Dr Charles Tannock

Member of the European Parliament for London

Newsletter

Summer 2007

Smoke and mirrors in Brussels over the constitution

The EU has been in the news a great deal recently following the summit at the end of June during which a new treaty was agreed. How new it is remains open to question. There are many similarities to the proposed EU constitutional treaty which was rejected in France and the Netherlands two years ago. Certainly Chancellor Angela Merkel presented it as a triumph, and she was determined to hammer out a deal in the dying days of Germany's EU presidency.

I am reserving judgment on the treaty for a very simple reason, which is that the details of the treaty are being left to an intergovernmental conference (IGC) which officially starts work on 23 July. It's entirely possible that the deal will come unstuck as diplomats argue the detailed contents. We'll have a better idea of what shape the treaty is likely to take towards the end of 2007.
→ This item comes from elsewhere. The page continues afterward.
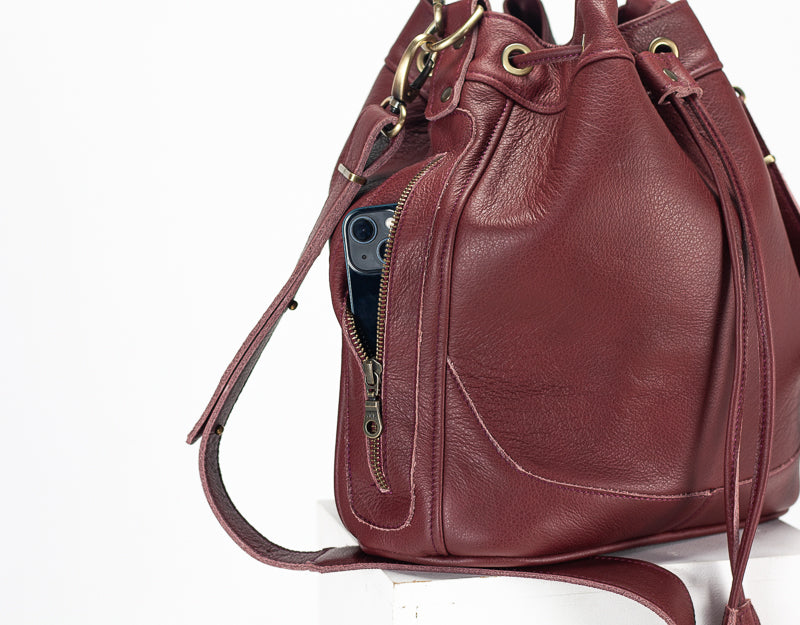 Danae bag - Burgundy leather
The behaviour of the Polish double-act of the Kaczynski twins at the summit was especially controversial. Poland wanted increased voting rights under the new treaty, even though the current voting rights under the Treaty of Nice (2000) are extremely generous and bring Poland onto a par with countries with significantly larger populations. Poland argued against changes to voting rights in future being based on population size - which would benefit countries like Germany and the UK - on the basis that Poland's population would today be much larger were it not for the horrors of World War Two!

This tactic upset many people at the summit, who felt that it was inappropriate to make policy based on past history. It also raised questions about other countries' rights to greater voting weight, and posed the question: where do you stop? Should Britain make a claim based on the Roman invasion or the Norman conquest? Poland did itself no favours by evoking the Holocaust in this way. The first lesson I was taught on arrival at the European Parliament in 1999 was "don't mention the war".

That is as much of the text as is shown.